• [Requirement]: Reproduce the records word for word, from the first line to the line containing "Polar negro mujer".

Saved entries:
--

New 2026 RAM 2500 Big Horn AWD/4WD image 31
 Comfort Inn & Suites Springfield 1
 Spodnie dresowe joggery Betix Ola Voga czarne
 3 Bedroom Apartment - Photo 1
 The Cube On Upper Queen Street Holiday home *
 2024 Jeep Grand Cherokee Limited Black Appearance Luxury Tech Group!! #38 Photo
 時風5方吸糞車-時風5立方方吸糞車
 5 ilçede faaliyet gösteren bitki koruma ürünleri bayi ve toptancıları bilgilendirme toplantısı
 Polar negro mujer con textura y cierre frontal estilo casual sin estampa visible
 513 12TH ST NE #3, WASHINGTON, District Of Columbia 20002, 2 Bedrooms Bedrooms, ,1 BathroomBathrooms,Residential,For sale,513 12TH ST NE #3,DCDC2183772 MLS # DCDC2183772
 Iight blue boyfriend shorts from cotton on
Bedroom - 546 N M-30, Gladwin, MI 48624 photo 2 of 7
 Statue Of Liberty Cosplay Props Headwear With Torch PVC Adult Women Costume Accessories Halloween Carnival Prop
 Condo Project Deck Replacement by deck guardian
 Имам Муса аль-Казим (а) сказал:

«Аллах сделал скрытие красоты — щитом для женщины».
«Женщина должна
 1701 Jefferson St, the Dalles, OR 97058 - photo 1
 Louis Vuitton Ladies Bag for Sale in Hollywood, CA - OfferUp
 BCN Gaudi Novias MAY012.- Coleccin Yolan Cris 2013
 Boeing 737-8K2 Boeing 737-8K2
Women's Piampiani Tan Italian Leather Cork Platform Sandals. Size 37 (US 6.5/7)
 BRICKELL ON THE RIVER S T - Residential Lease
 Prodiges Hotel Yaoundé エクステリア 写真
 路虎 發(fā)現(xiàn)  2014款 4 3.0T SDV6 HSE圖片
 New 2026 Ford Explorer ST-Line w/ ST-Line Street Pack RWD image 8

--

• [Exercise response]:
New 2026 RAM 2500 Big Horn AWD/4WD image 31
 Comfort Inn & Suites Springfield 1
 Spodnie dresowe joggery Betix Ola Voga czarne
 3 Bedroom Apartment - Photo 1
 The Cube On Upper Queen Street Holiday home *
 2024 Jeep Grand Cherokee Limited Black Appearance Luxury Tech Group!! #38 Photo
 時風5方吸糞車-時風5立方方吸糞車
 5 ilçede faaliyet gösteren bitki koruma ürünleri bayi ve toptancıları bilgilendirme toplantısı
 Polar negro mujer con textura y cierre frontal estilo casual sin estampa visible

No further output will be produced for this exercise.